Of course, when Judge Pearson lost the case (as every rational and thinking human being in America knew that he would) and then started his appeals process, the new flood of ink from tort reform organizations began:
HOUSTON, July 17, 2007 (PRIME NEWSWIRE) -- TLR Chairman and CEO Richard Weekley issued a statement today in response to press reports that the dismissal of the notorious $54 million "pants lawsuit" against family-owned dry cleaners has now been appealed.
The one obvious-but-never-mentioned aspect of all of these cases that get brought up as “perfect examples of the decline of our legal system” is that almost every one of them get dismissed out of hand.
It is true that if you do the paperwork correctly, you actually can sue your dry cleaners for millions, or, for that matter, the girl that was mean to you in the seventh grade as well. But your odds of success with these lawsuits are about the same as your odds of successfully reaching the moon by simply flapping your arms.
Tort reform organizations make it seem like anyone can dream up an offense, walk into a courthouse, file a suit, and walk away with millions. Nothing could be further from the truth. But by keeping this absurd notion alive, tort reform organizations and the corporations and insurers that fund them are hoping to make reasonable people angry enough to do unreasonable things, such as allow their access to the courts to be limited, or have severe caps placed on non-economic (or punitive) damages.
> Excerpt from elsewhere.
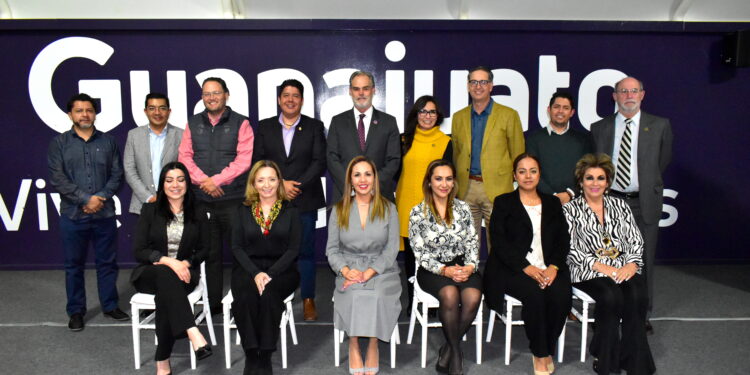 Informa Secretario de Turismo la recuperación y el fortalecimiento del Sector Turístico de Guanajuato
Why Punitive Damages Are Necessary
Whenever tort reform organizations bring up cases such as Judge Pearson’s pants, or the woman who spilled coffee on herself and was awarded three million dollars, the argument inevitably shifts towards how unreasonable punitive damages can be. But contrary to what they might tell you, punitive damages do not exist to simply make the victims rich. They exist as a safeguard against billion dollar corporations running amok with no consequences for their actions.
Let us say, for the sake of argument, that an enormous chemical manufacturing conglomerate worth billions of dollars pollutes the groundwater near one of their processing plants. Three people that live near the plant suffer from hospitalization and life long adverse medical conditions as a result.
If there is a cap on punitive damages (lets say $200,000, which is a number that many tort reform groups seem to think is reasonable,) all that the chemical manufacturer would have to pay as a penalty for essentially poisoning three of their neighbors would be $600,000. While that might be a steep price for many of us, companies like DuPont and Dow Chemical make $600,000 in the amount of time that it takes you to simply say “$600,000.”
When a judge awards punitive damages in the tens of millions of dollars, it isn’t his or her way of saying “Congratulations” to the victim. It is a way of reminding an enormous corporation that their actions have consequences, and doing so in the only way that matters to them. By levying enormous financial penalties, it is the legal systems way of reminding corporations to be responsible; to make sure that their products are safe, and to make sure that they aren’t polluting without regard to their workers or the environment around them.
By capping punitive damages, these safeguards are essentially removed. If a company simply has to write out a check equivalent to what they pay their CEO every month in order to legally fulfill their obligations to an injured person, what will stop them from continuing this behavior? Will they simply do the math and determine that the money they could make off a new chemical is worth more than the damages to the few people that would be harmed by its manufacture? Will their decisions about public safety turn into something that they just hand over to the accountants?
These are the sort of questions that should best be left as hypothetical.